All through the development of this monograph up to the present point (especially Chapters V through VIII), we have looked at various properties and characterizations, both parametric and geometric, of quasi-symmetric designs, essentially to the point of convincing ourselves that the problem of determination of all the quasi-symmetric designs is indeed a hard problem. With that background, this chapter will show us that the situation for quasi-symmetric 3-designs is more promising. This is to be expected since a derived design of a q.s. 3-design at any point is also quasi-symmetric and that gives us more information (Example 5.24). However, quite unlike the case of q.s. 2-designs, very few q.s. 3-designs seem to be known.

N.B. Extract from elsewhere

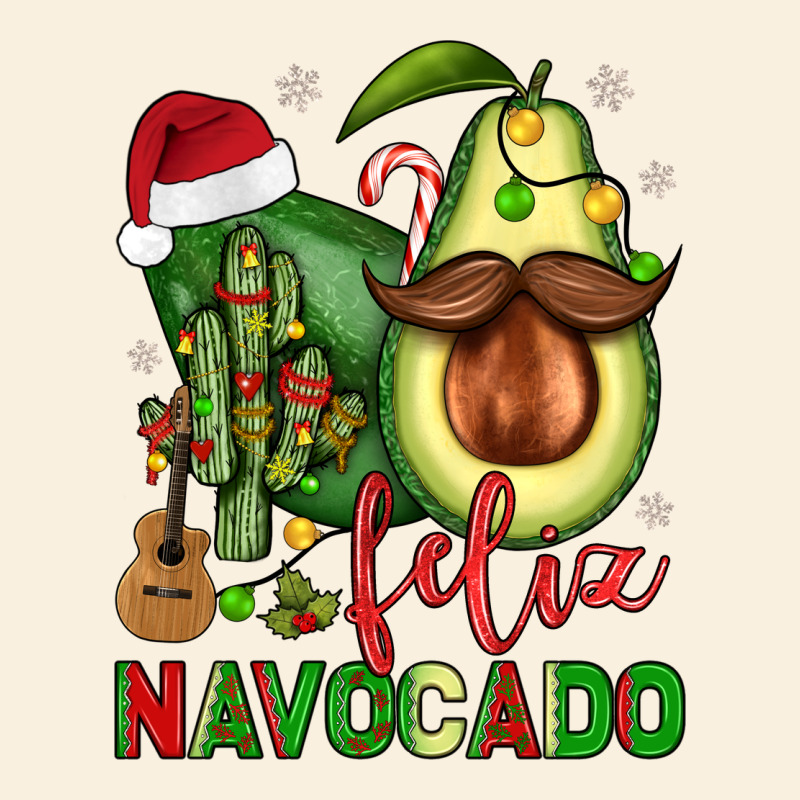 Feliz Navocado Avocado Vintage Hoodie by JahusDesignShop | Teevron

In fact, up to complementation there are only three known examples of q.s. 3-designs with x ≠ 0. Application of the ‘polynomial method’ to this rather mysterious situation (see Cameron) is the theme of the present chapter.

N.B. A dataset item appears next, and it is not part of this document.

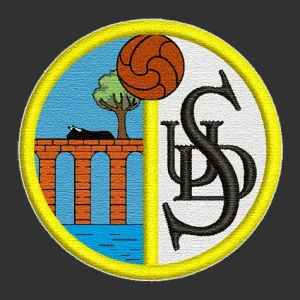 Parche Bordado UD Salamanca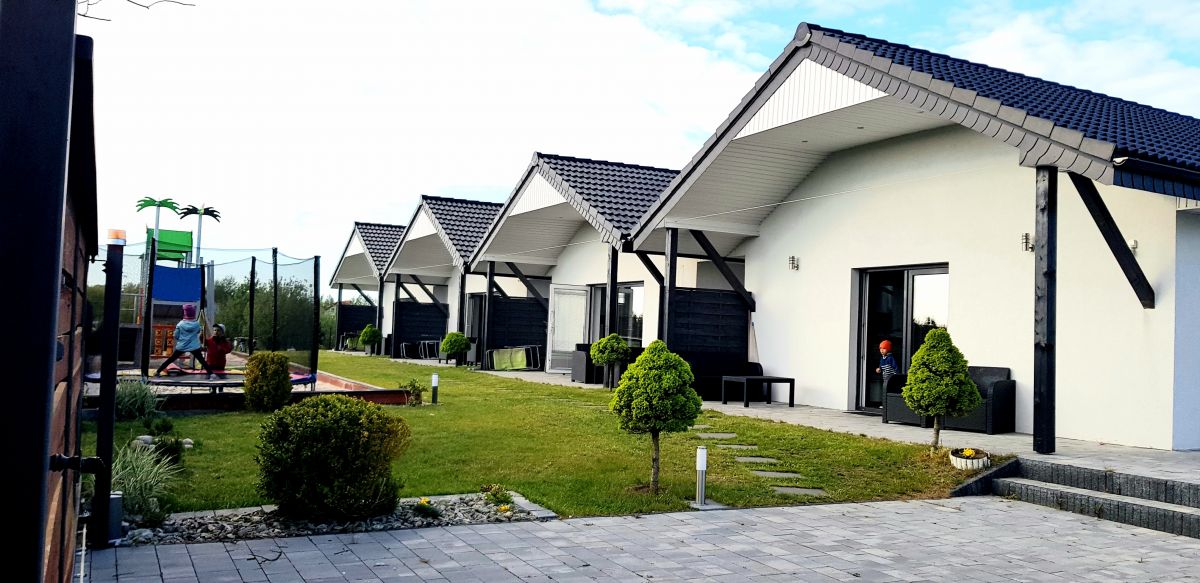 Nocleg w Łebie - Domki Łeba Wenta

Cameron's Theorem (Theorem 1.29) has been one of the focal points of our study of q.s. designs. This is more so for q.s. 3-designs since the extensions of symmetric designs obtained in that theorem are in fact quasi-symmetric with x = 0 (and conversely). Despite its completeness, the classification given by Cameron's theorem is perhaps and unfortunately only parametric as revealed in the following discussion. A Hadamard 3-design exists if and only if a Hadamard matrix of the corresponding order exists. Hadamard matrices are conjectured to exist for every conceivable (i.e., a multiple of four) order.